**How to complete this task**. Only one portion of the data is to be written out: from the line bearing "Cathy enjoying a" through the line bearing "Big spotlight or". Write it exactly as it appears.

**Recorded information**.
....

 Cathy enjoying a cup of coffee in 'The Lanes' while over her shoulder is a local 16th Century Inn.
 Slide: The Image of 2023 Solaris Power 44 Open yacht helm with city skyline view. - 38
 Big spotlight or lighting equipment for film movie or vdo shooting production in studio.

....

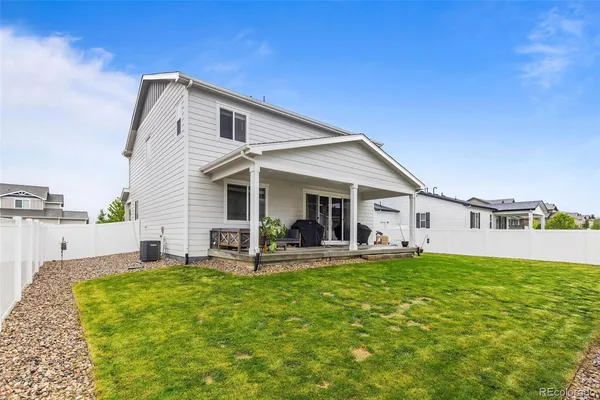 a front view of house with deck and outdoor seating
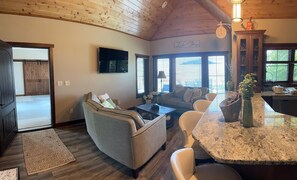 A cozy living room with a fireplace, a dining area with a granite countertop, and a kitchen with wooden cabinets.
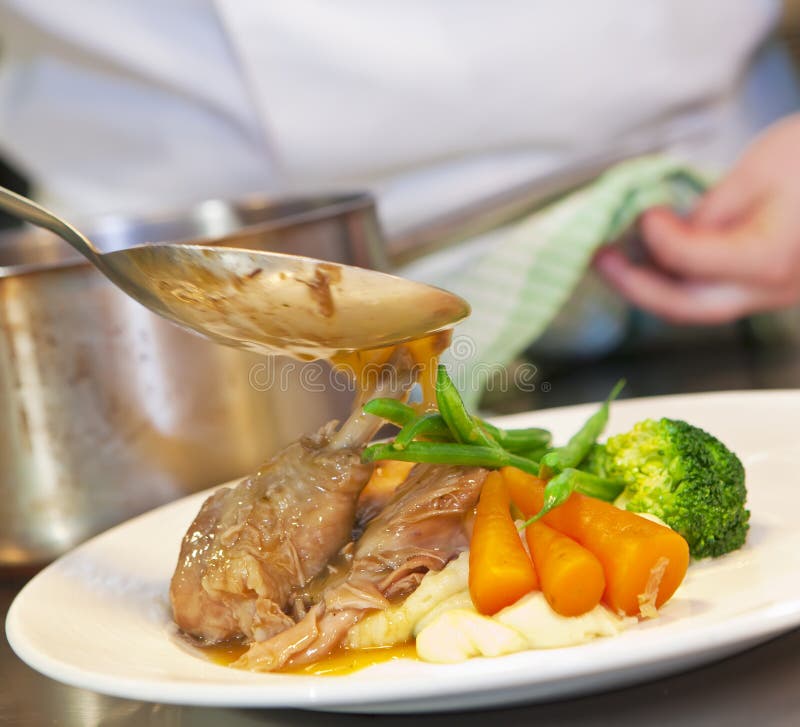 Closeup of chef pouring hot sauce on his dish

....

**Response area**.
 Cathy enjoying a cup of coffee in 'The Lanes' while over her shoulder is a local 16th Century Inn.
 Slide: The Image of 2023 Solaris Power 44 Open yacht helm with city skyline view. - 38
 Big spotlight or lighting equipment for film movie or vdo shooting production in studio.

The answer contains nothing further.